3. Resolved, That Senators in all that they do are under the constant obligation of an oath, binding them to the strictest rectitude; that on an impeachment they take a further oath, according to the requirement of the Constitution, which says, Senators, when sitting to try impeachment, “shall be on oath or affirmation”; that this simple requirement was never intended to change the character of the Senate as a political body, and cannot have any such operation; and therefore Senators, whether before or after the supplementary oath, are equally responsible to the people for their votes,—it being the constitutional right of the people at all times to sit in judgment on their representatives.
VALIDITY AND NECESSITY OF FUNDAMENTAL CONDITIONS ON STATES.

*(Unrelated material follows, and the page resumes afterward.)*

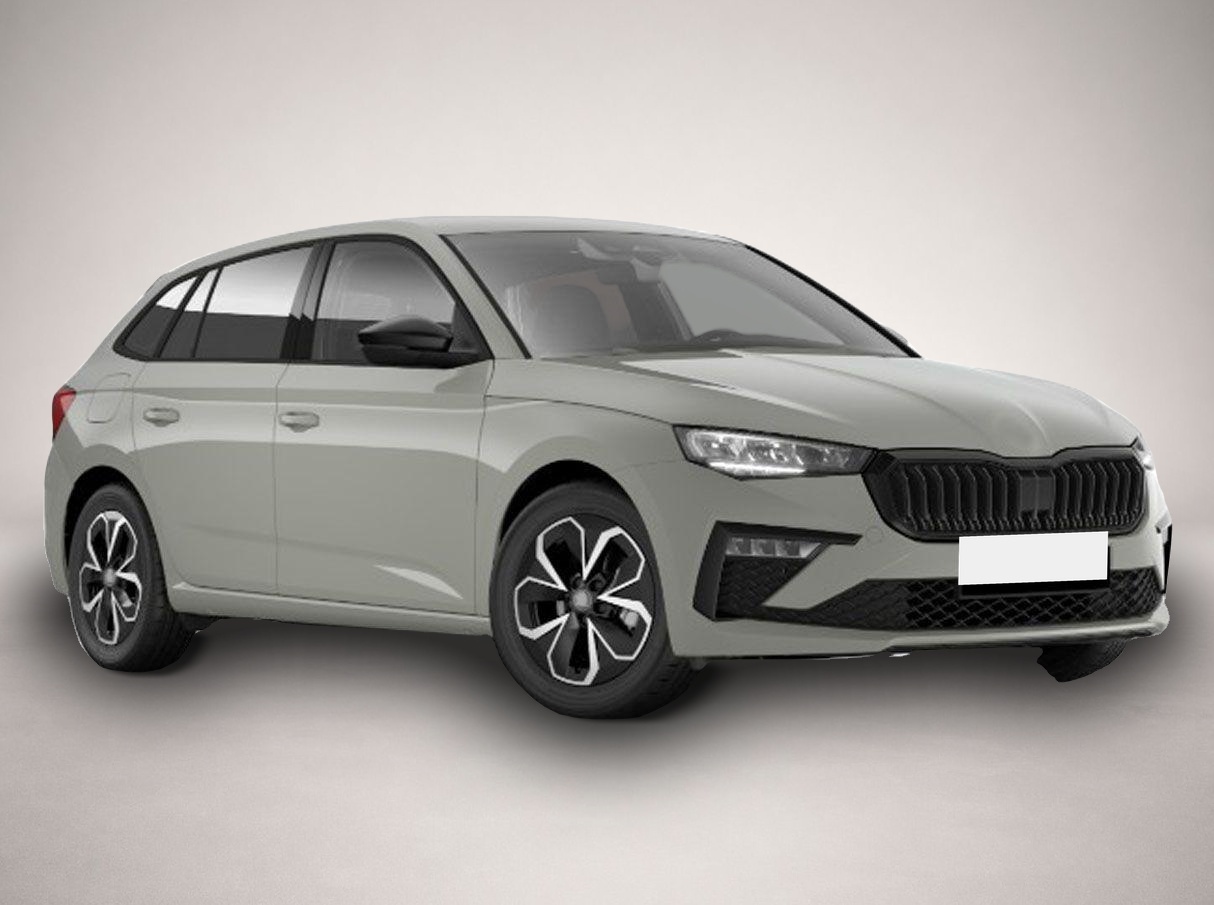 Skoda Scala (08/2026, Benzin)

Speech in the Senate, June 10, 1868.
The Senate having under consideration the bill to admit the States of North Carolina, South Carolina, Louisiana, Georgia, and Alabama to representation in Congress, Mr. Sumner said:—
MR. PRESIDENT,—What I have to say to-day will be confined to a single topic. I shall speak of the validity and necessity of fundamental conditions on the admission of States into the body of the Nation,—passing in review objections founded on the asserted equality of States, and also on a misinterpretation of the power to determine the “qualifications” of electors, and that other power to make “regulations” for the election of certain officers. Here I shall encounter the familiar pretensions of another time, no longer put forth by defiant Slave-Masters, but retailed by conscientious Senators, who think they are supporting the Constitution, when they are only echoing the voice of Slavery.
Fundamental conditions on the admission of States are older than our Constitution; for they appear in the Ordinance for the vast Territory of the Northwest, adopted anterior to the Constitution itself. In that Ordinance there are various conditions, of perpetual obligation, as articles of compact. Among these is the famous prohibition of Slavery. In the early days of our Nation nobody thought of questioning the validity of these conditions. Scattered efforts were made to carry Slavery into some portions of this region, and unquestionably there were sporadic cases, as in Massachusetts itself; but the Ordinance stood firm and unimpeached.
One assurance of its authority will be found in the historic fact, that in 1820, on the admission of Missouri as a State of the Union, there was a further provision that in all territory of the United States north of 36° 30´ north latitude, “Slavery and involuntary servitude, otherwise than in the punishment of crimes, whereof the parties shall have been duly convicted, shall be and is hereby FOREVER prohibited.”[218] This was the famous Missouri Compromise. Missouri was admitted as a State without any restriction of Slavery, but all the outlying territory west and north was subjected to this condition forever. It will be observed that the condition was in no respect temporary, but that it was “forever,”—thus outlasting any territorial government, and constituting a fundamental law, irrepealable through all time. Surely this condition, perpetual in form, would not have been introduced, had it been supposed to be inoperative,—had it been regarded as a sham, and not a reality. This statute, therefore, testifies to the judgment of Congress at that time.